Le pouvoir d'achat se réduit, pas les dividendes !
La croissance au premier trimestre de cette année aura donc été nulle si l’on en croit les chiffres de l’INSEE. Ce résultat apparaît comme une douche froide après le rebond économique que la France a connu en 2021. La question se pose donc de savoir quelles sont les raisons qui peuvent expliquer ce mauvais résultat. Au-delà, s’agit-t-il d’un simple accident conjoncturel, d’une panne plus durable, voire d’une tendance qui pourrait être véritablement inquiétante ?
L’arrêt de la croissance a surpris les responsables du Ministère de l’économie et des finances. Il est manifestement dû à la chute de la consommation, qui diminue d’environ -0,5 %, mais aussi à un investissement qui reste très faible. La reconstitution des stocks, un phénomène qui est sensible depuis la fin de l’année 2021, est le seul facteur positif à noter.
Graphique 1
Source : INSEE
Cela permet au résultat du PIB de ne pas être négatif au premier trimestre. Ajoutons que le ralentissement de la production est significatif dans le secteur des services, et provient notamment de la production en services marchands (+0,4 % après +1,8 %), en particulier dans l’hôtellerie et la restauration (–4,0 % après +1,2 % au trimestre précédent). Par contre, la production des biens a été un peu plus dynamique ce trimestre, et en particulier la production des biens manufacturés, alors qu’elle avait stagné lors des deux derniers trimestres de 2021.

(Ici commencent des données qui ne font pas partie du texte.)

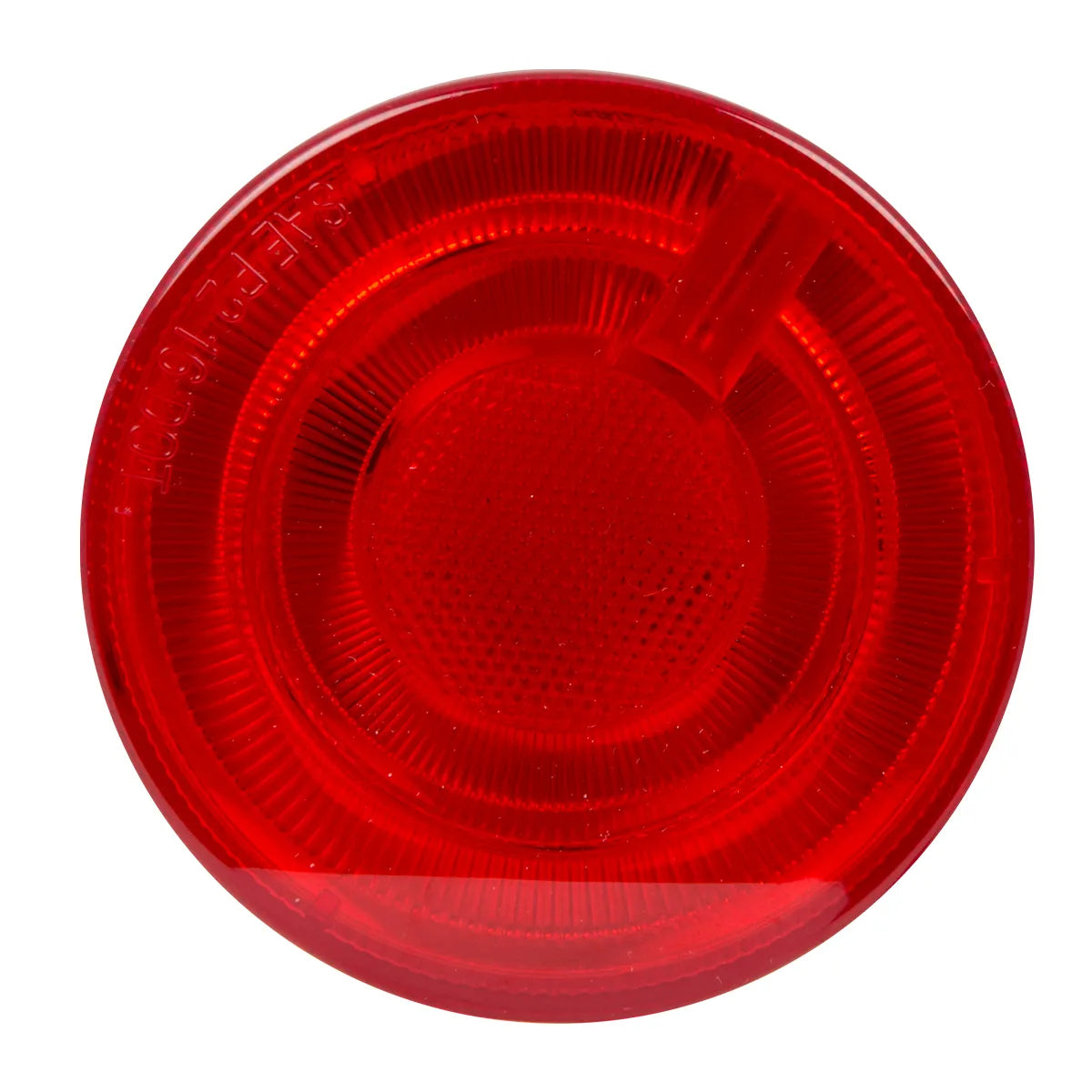 2-1/2″ PRIME LED MARKER LIGHT Red/Red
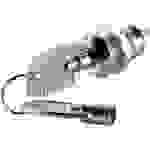TRU Components SL-012 Schlüsselschalter 30 V 1 A 1 x Aus/Ein 1 x 90 ° 1 St.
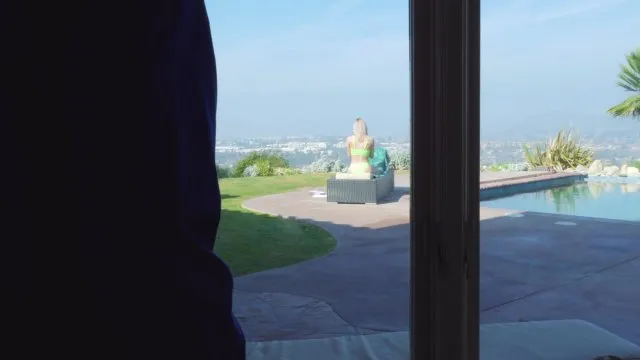 Not My Grandpa 5 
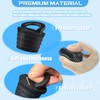 1-1/2" Kayak Scupper Plugs, Push-in Boat Drain Kayak Plugs for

Cependant, les résultats de mars sont mauvais. La production industrielle a chuté au mois de mars de 0,5 % par rapport au mois de février. La production manufacturière, elle, est en chute de 0.3 % sur le mois. Il est par ailleurs vraisemblable que cette situation se répète pour le 2ème trimestre de 2022 ce qui indiquerait que la France est sur une pente de récession. Que s’est-il donc passé ?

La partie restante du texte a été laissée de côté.